I've got a question that I can't seem to find an answer for. Our play group has a dragonborn paladin. So he's a big guy with a ton of armor and weaponry, ie, in total he weighs a lot.

From the look of it, he can't ride a horse w/o burdening the horse and forcing it to be slowed. Alright, we figure we can live with that. We wait for the AV book thinking there's other, bigger mounts he'll be able to ride. From the look of it, this character would make even an elephant groan under his enormous weight...and really, he doesn't weight that much!

So my question is, has this been fixed anywhere?  It's got to be a bug, but I can't find anything in the errata that changes this or any modification of carrying capacity that allows this character to ride anything at all...

One interesting note is that he can apparently ride a chariot. That vehicle allows one rider and x amount of gear. Pulled by one little old horse even.

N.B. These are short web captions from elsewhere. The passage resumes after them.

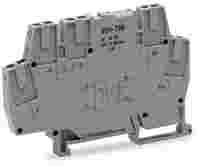 Optocoupler module; Nominal input voltage: 110 VDC; Output voltage range 12 ...30VDC; Limiting continuous current: 50 mA; 2-wire connection; Railway; Red status indicator; Module width: 6 mm; gray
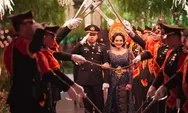 Tradisi Pedang Pora Warnai Resepsi Pernikahan Putra Pj Gubernur Bali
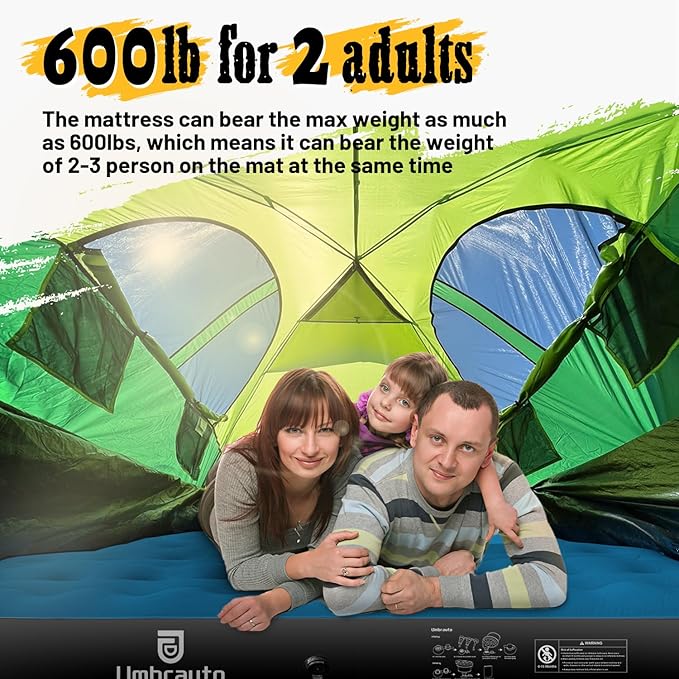 Umbrauto Truck Air Mattress for 5.5-5.8ft Full Size Short Bed, Inflatable Pickup Tent Camping Mattress, Blow Up Pick Up Truck Air Bed for Outdoor Travel
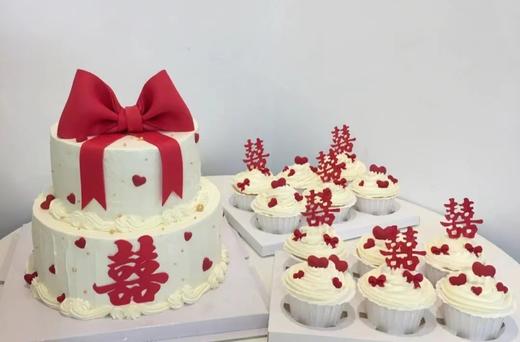 B订婚蛋糕一套➕12个杯子 商品图0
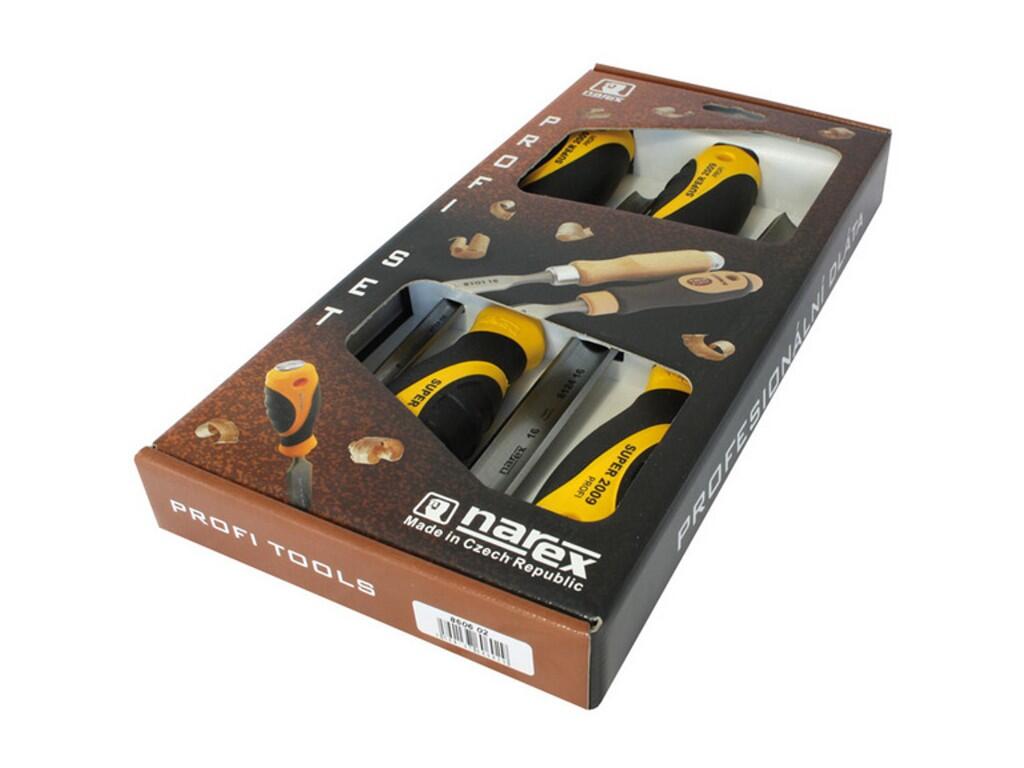 Sada dlát (dutá)     - Ergonomic.rukojeť - NB8606-02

As DM of our group, I'm going to have to change this in our game.  But I'm hoping for two things:

1) There's already been some sort of official errata concerning this.

2) I'd love to have other thoughs/opinions on this to guide my decision.


Thanks in advance.

El Cucuy


----------



## jodyjohnson (Oct 28, 2008)

Here's the only recent post on mount capacity.

http://www.enworld.org/forum/d-d-4th-edition-rules/240069-anemic-horses.html

This one is more about how they change combat.

http://www.enworld.org/forum/d-d-4th-edition-rules/243110-do-mounts-change-combat.html


----------



## ElCucuy (Oct 28, 2008)

Thanks, Jody. I hadn't found anything around here with regards to mounts.  It's good to see the problem has been noticed before, but unfortunately it remains unresolved.

Personally, I'm fine with a dragonborn being too heavy for a horse. But the fact that an elephant, trihorn behemoth, or even a rage drake (the supposed dragonborn mount) can't carry an average sized dragonborn in armor...that seems like a huge error on the part of the designers.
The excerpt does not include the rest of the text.